You may choose to be pleasantly surprised when you see that the “lean” in this column has nothing to do with dieting!
Rather, this “lean” refers to lean manufacturing, and it’s been around for decades. The goal is to reduce waste of all kinds. This is so important to industry, because when a company produces a defective product, there’s wasted materials, labour, packaging, and shipping, not to mention the waste of customer goodwill!
Waste reduction gets plenty of attention in our lives too, where it’s usually focused on reducing the amount of stuff that ends up in landfills. However, reducing waste from a lean perspective is a lot broader than just reducing the number of garbage bags at the curb.
Some types of waste are easily visible. For example, when you buy something that you don’t need or never use and then throw it out, there’s visible waste.
But, there’s even more waste than that! There’s the wasted time you spent shopping for the product, the wasted money you spent on it, and the waste of storage space that it occupied till you got around to getting rid of it.
Those are just a few examples of not-so-visible wastes. They aren’t wastes of materials, but they are wastes, nevertheless. What are some others?
Unnecessary transportation is a waste of time and gas. Combining your errands can limit that waste.
Unnecessary motion is another waste. When you store items close to where you use them, then you don’t waste time and energy fetching and returning. If we could keep everything right where we need it, how efficient we would be! But I suppose that storing the vacuum cleaner in the middle of the floor is not the answer…
Waiting is another waste. We’ve all spent time waiting, and there may seem to be little we can do to prevent it. Ask, “Is there anything I can control?” If the doctor always runs late in the afternoon, try making early morning appointments. You can also prepare; bring something so you make use of the delay. Or choose to look at the wait as an opportunity to relax; a change of mindset alone could transform waiting from waste to value.
Overproduction (making more than you can use) is a waste. If you don’t like leftovers, then cooking a turkey for a few people results in waste. If, on the other hand, you transform leftovers into soups and sandwiches, then that’s not waste; that’s efficiency!

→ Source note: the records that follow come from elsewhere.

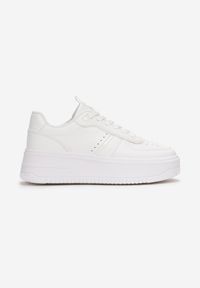 Renee - Białe Sznurowane Sneakersy na Grubej Podeszwie Salsabil. Kolor: biały. Materiał: materiał. Wzór: aplikacja. Obcas: na platformie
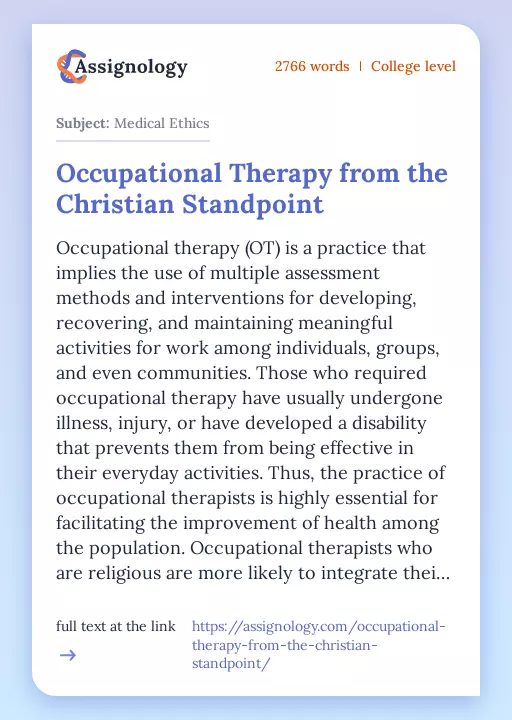 Occupational Therapy from the Christian Standpoint - Essay Preview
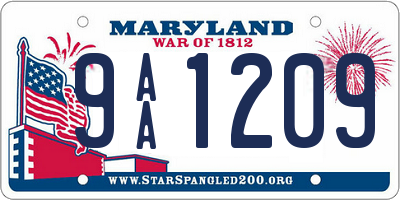 MD license plate 9AA1209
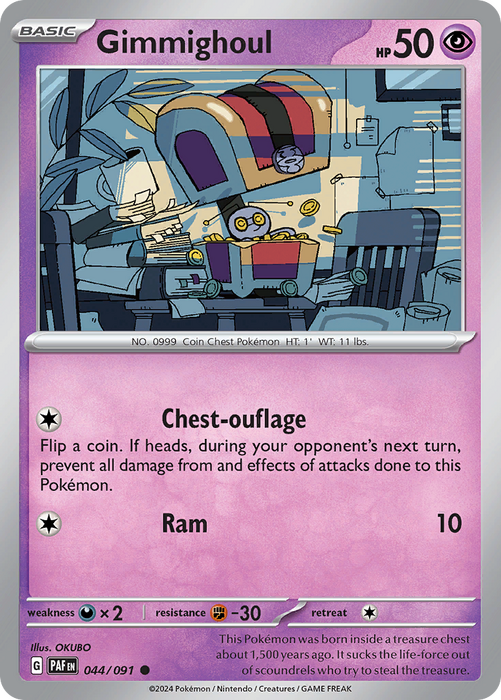 Gimmighoul 044/091 Common Scarlet & Violet Paldean Fates Single Card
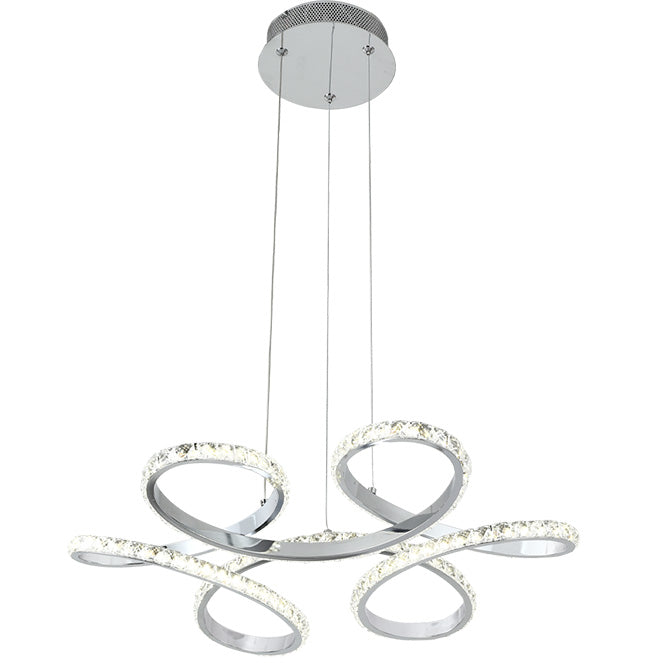 Lámpara Colgante LED Dragon 52 cm Cromo y Cristal Lumit Interlusa encendida con proyección de luz y ambiente | LuzGurú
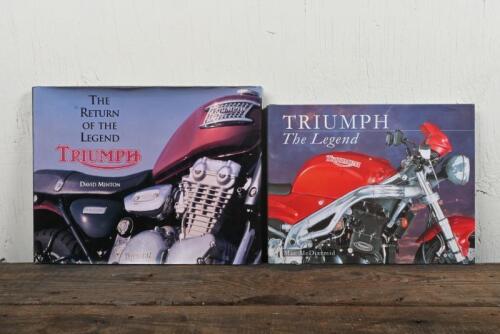 TRIUMPH: Two hardcover books detailing Triumph, 'TRIUMPH The Legend' by Mac McDiarmid.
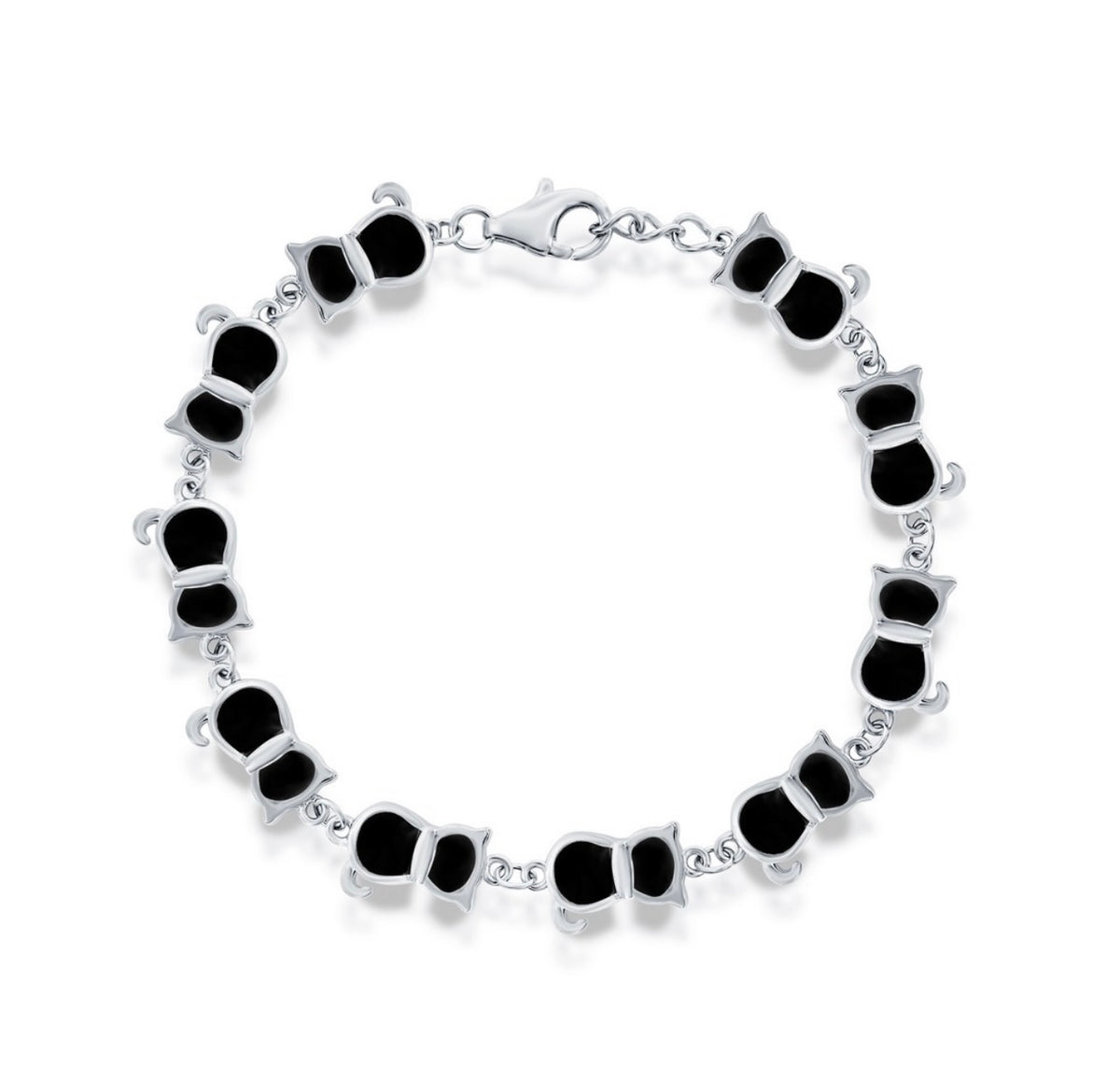 Sterling Silver "Cats" Bracelet - Onyx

This is only a partial list of the wastes that lean manufacturing focuses on reducing. And while wastes of materials, motion, and time are all important, there is one more category of waste that is possibly the most important of all. It is…the waste of human potential.
When people are not working or living up to their potential, that’s a waste—for them and for society. What can you do? Encourage. Support. Set an example. Take up a challenge instead of sticking to the easiest path.
Are you living and working to your potential? If so, how do you know? If not, what might you do to move closer to your potential?